Wind and solar electricity generation in 2017 provided at least 20% of total generation in 10 states, according to new figures published by the US Government’s Energy Information Administration (EIA).
According to the EIA, wind and solar generation — which includes small-scale solar PV — reached or exceeded 20% of total generation in a total of 10 US states in 2017 — Iowa, Kansas, Oklahoma, South Dakota, North Dakota, Vermont, California, Maine, Colorado, and Minnesota. Interestingly, of these 10 states with the highest shares of wind and solar generation, almost all of them are driven by wind energy generation (as seen below).
For example, Iowa boasts annual wind and solar generation of 37% — but this is made up of 36.8% wind generation and only 0.2% solar. The American Wind Energy Association (AWEA) published similar stats earlier this year, which showed that wind energy is responsible for over 30% of the electricity generation in Iowa, Kansas, Oklahoma, and South Dakota. Further, wind energy generated over 10% in 14 states and accounted for 6.3% of US electricity in 2017.
Conversely, some states — California from the top 10, and Nevada, Massachusetts, and Arizona from outside — generate more from solar than from wind. California, for example, generates 15.6% of its electricity from solar and 6.4% from wind.
What’s even more impressive, however, is that in some months during 2017, wind alone accounted for more than 50% of in-state electricity generation in both Iowa and Kansas, while solar accounted for over 20% in California. Overall, total annual generation from wind and solar in the United States last year reached 8%, peaking at 11% in April.
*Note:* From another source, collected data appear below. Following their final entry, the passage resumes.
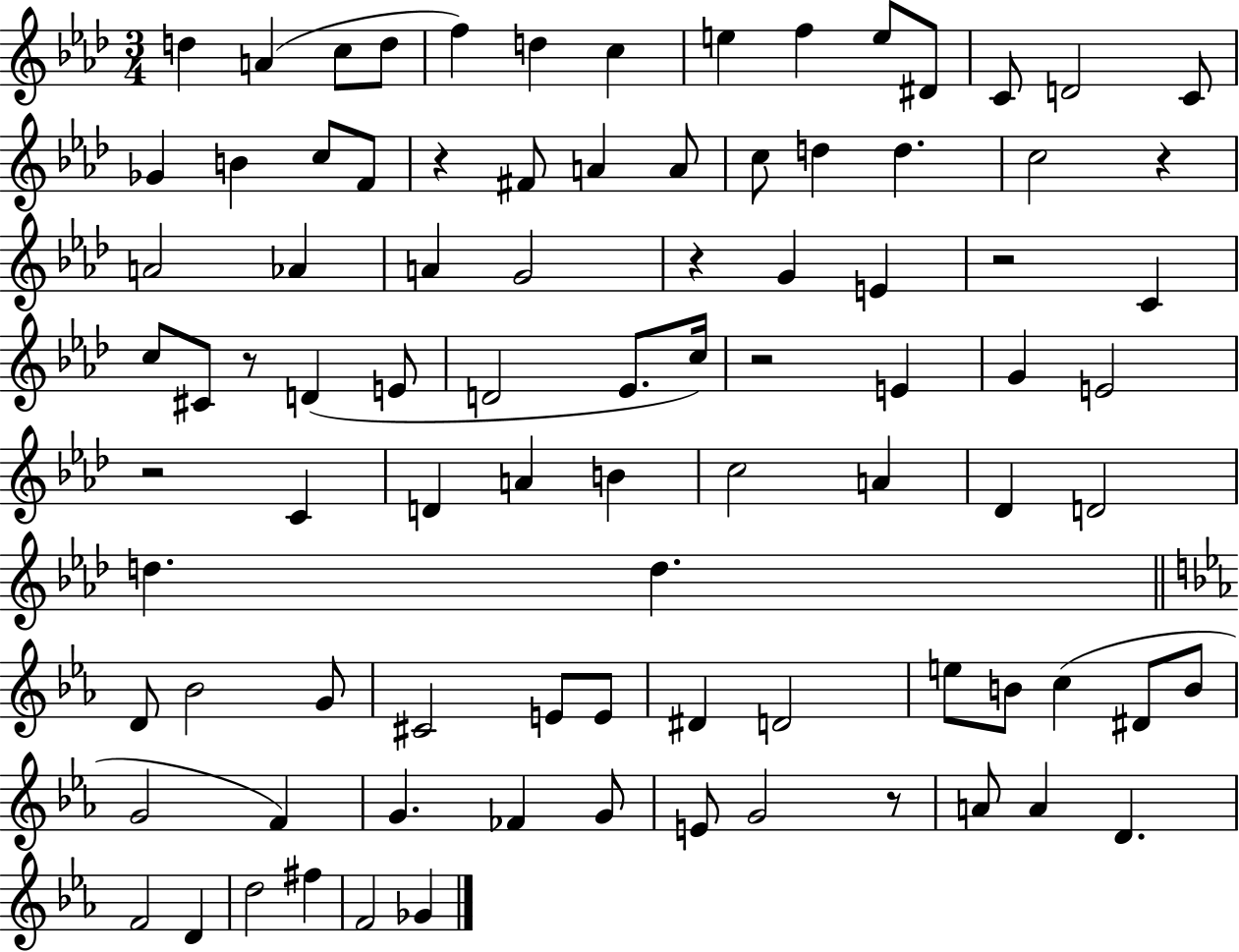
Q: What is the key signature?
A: AES major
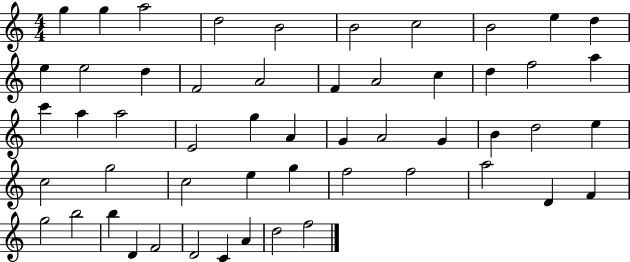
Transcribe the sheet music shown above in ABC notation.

X:1
T:Untitled
M:4/4
L:1/4
K:C
g g a2 d2 B2 B2 c2 B2 e d e e2 d F2 A2 F A2 c d f2 a c' a a2 E2 g A G A2 G B d2 e c2 g2 c2 e g f2 f2 a2 D F g2 b2 b D F2 D2 C A d2 f2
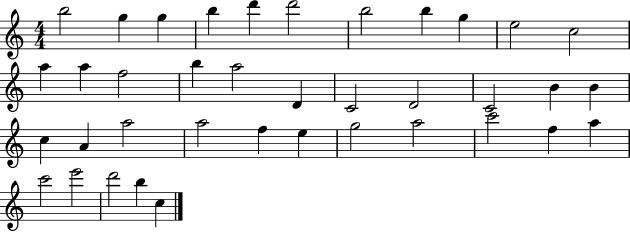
X:1
T:Untitled
M:4/4
L:1/4
K:C
b2 g g b d' d'2 b2 b g e2 c2 a a f2 b a2 D C2 D2 C2 B B c A a2 a2 f e g2 a2 c'2 f a c'2 e'2 d'2 b c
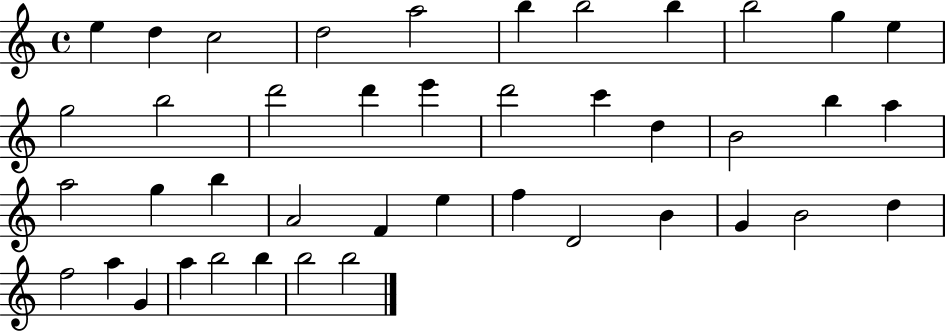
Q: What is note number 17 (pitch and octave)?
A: D6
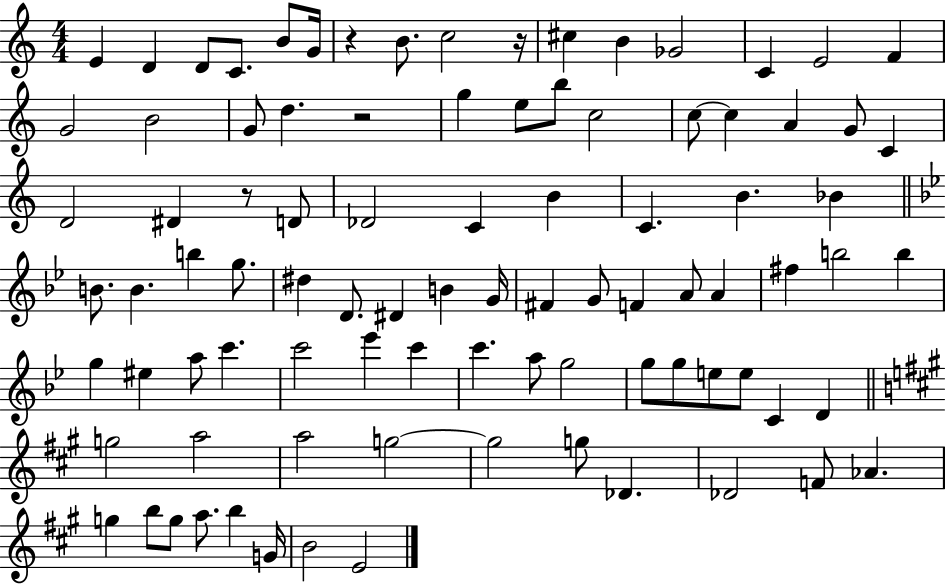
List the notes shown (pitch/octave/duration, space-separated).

E4/q D4/q D4/e C4/e. B4/e G4/s R/q B4/e. C5/h R/s C#5/q B4/q Gb4/h C4/q E4/h F4/q G4/h B4/h G4/e D5/q. R/h G5/q E5/e B5/e C5/h C5/e C5/q A4/q G4/e C4/q D4/h D#4/q R/e D4/e Db4/h C4/q B4/q C4/q. B4/q. Bb4/q B4/e. B4/q. B5/q G5/e. D#5/q D4/e. D#4/q B4/q G4/s F#4/q G4/e F4/q A4/e A4/q F#5/q B5/h B5/q G5/q EIS5/q A5/e C6/q. C6/h Eb6/q C6/q C6/q. A5/e G5/h G5/e G5/e E5/e E5/e C4/q D4/q G5/h A5/h A5/h G5/h G5/h G5/e Db4/q. Db4/h F4/e Ab4/q. G5/q B5/e G5/e A5/e. B5/q G4/s B4/h E4/h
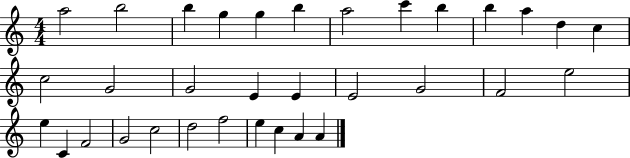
{
  \clef treble
  \numericTimeSignature
  \time 4/4
  \key c \major
  a''2 b''2 | b''4 g''4 g''4 b''4 | a''2 c'''4 b''4 | b''4 a''4 d''4 c''4 | \break c''2 g'2 | g'2 e'4 e'4 | e'2 g'2 | f'2 e''2 | \break e''4 c'4 f'2 | g'2 c''2 | d''2 f''2 | e''4 c''4 a'4 a'4 | \break \bar "|."
}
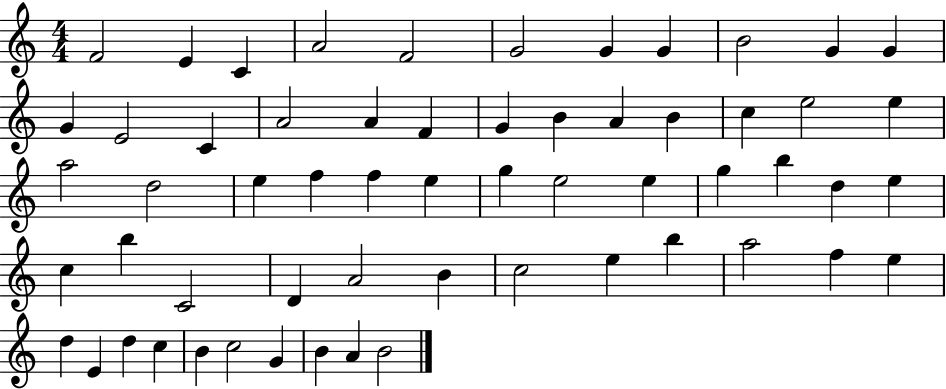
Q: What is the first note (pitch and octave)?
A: F4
“Solar makes sense, both economically and environmentally, across the country and Americans clearly want clean energy and clean air,” explained Alex Hobson, Director of External Communications at the Solar Energy Industries Association (SEIA), when reached for comment. “This growing demand is reflected in EIA’s new numbers. We’re working toward solar representing 15 percent of our national electricity mix by 2030 and, once we get there, the sky is the limit for this innovative American industry.”